Some prefer an Arches base camp in Moab with an air-conditioned hotel room not a bad idea in the middle of summer but there is something about falling asleep and waking up in the park that enhances the experience.
"There is a lot of work that goes into camping with your kids, but there is a lot of return as well," said Heidi Prokop, of Salt Lake City, during a trip to Arches and a stay at Devils Garden.
"When we arrived my [5-year-old] son was asking for the iPad. We immediately showed him the wonders of searching for bugs and lizards. Exploring the natural world sort of realigns the whole family to what is most important to us."
The iPad was left in the car as all the kids in our camp crawled on petrified sand dunes, rolled down sand hills and hunted for caterpillars and beetles that stuck their bottoms up in the air when threatened.
Devils Garden includes 50 campsites and two group sites that can be reserved. Many are tucked into the slickrock, providing some privacy and a built-in playground for kids. But it is not only children, however, who feel like playing.
"Kids look at this place just like I do, as a big sandstone playground where you can climb on these rocks and feel like a giant and like you just reached the top of your own personal mountain," said Arches National Park naturalist Karen Henker. "Every campsite has its own little nooks and crannies to explore or a rock fin or a little garden of flowers.

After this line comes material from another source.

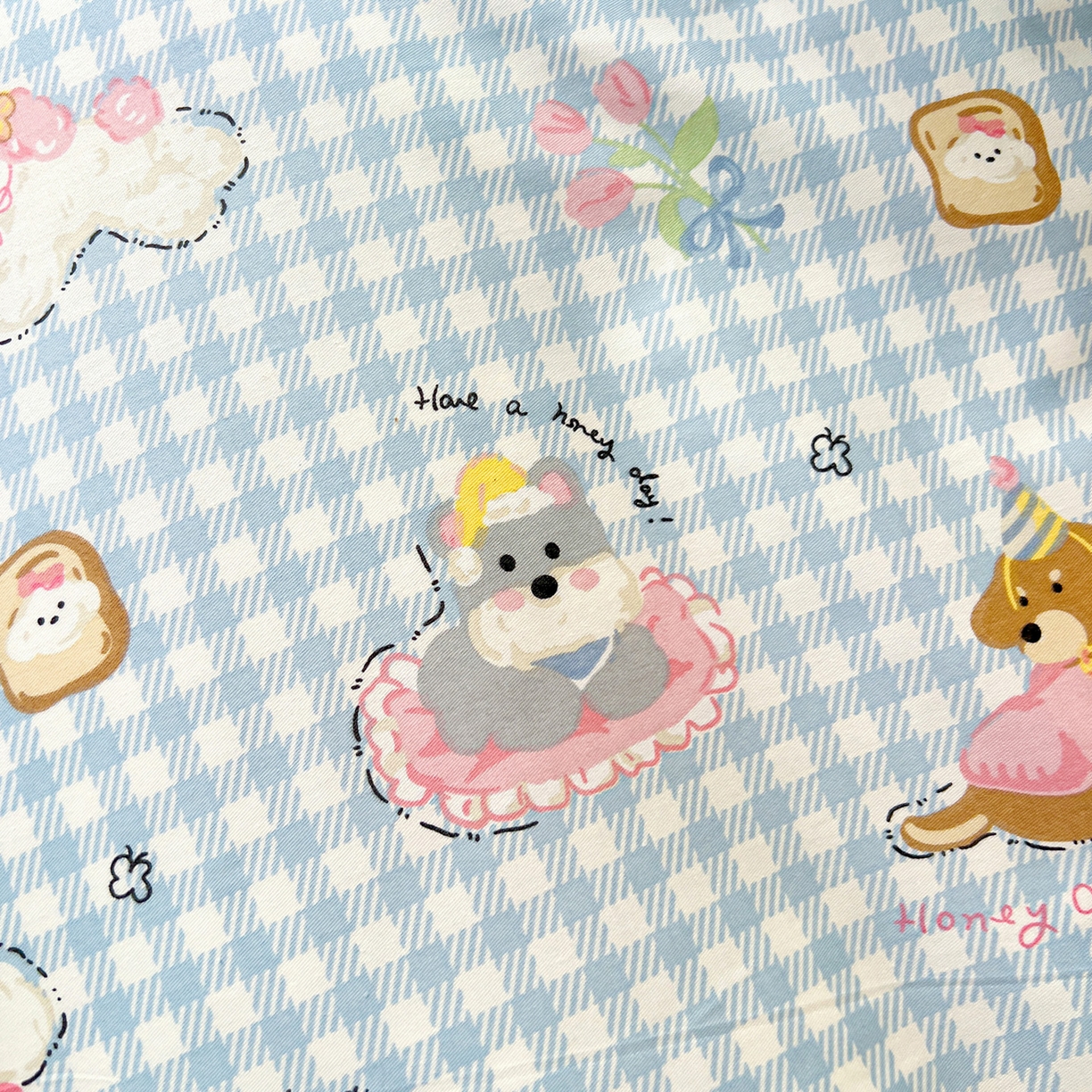 91家纺网 家纺一手货源 找家纺 西引力 2025新款全棉印花学生宿舍三件套四件套 狗狗派对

"And our sand is famously fine. You just want to dig your toes into to it. We are walking through sand dune deserts millions of years old."
My 8-year-old daughter, Lucie, found the sand can also serve another purpose.
"Sometimes when you dig down the sand gets cool and it feels so good on your feet," she said.
Such are the memories of family camping Arches.
Our family has plenty of them.
Like the time my oldest son, then 6 or 7 years old, finally caught a lizard after many futile attempts only to have the creature ruin his elation by nipping him on the finger and sending him into tears.
On another trip when he was still a toddler the wind ripped the pacifier out of his mouth when we made that final turn from the trail to Delicate Arch and carried it over the cliff, prompting a trip all the way to Moab for a new binky.
We have photos of our family enjoying a break from the sun under Wall Arch, just past Landscape Arch on the Devils Garden trail. Little did we know the arch would collapse during our lifetime: The 71-foot-tall and 33½-foot-wide arch collapsed in 2008, blocking the trail but fortunately not injuring any visitors.
"That event was really a gift," Henker said, "a reminder to us all that these things are moving. Human beings just don't live very long, and we don't have a chance to witness geology in action. It was also a bit of a safety wake-up call. By definition, these things are on the move."
A huge slab broke off of Landscape Arch in 1991, forcing park officials to close trails under the formation.
Henker says there are more than 2,000 documented arches in the park.
"It is the densest concentration for natural arches in the world," she said. "The majority are not visible from the scenic road, but a lot of them are hiding in plain sight."
She suggests parents explain that an arch only needs to be a 3-foot opening in any direction and then encourage kids to see if they can find arches not shown on the park map.
Experiencing Arches National Park during the day with the masses is one thing; watching the sun set, seeing the stars pop out and crawling into the tent with your family is another.
"It's fun to all sleep in one place," my daughter said. "Sometimes it is good to see each other so much more and that we are all together in our sleeping bags."
"My children will look back on these times of camping and recognize them as important family opportunities and times that they grew and explored on their own," she said. "I think they will cherish these opportunities and, hopefully, take their own kids camping as well."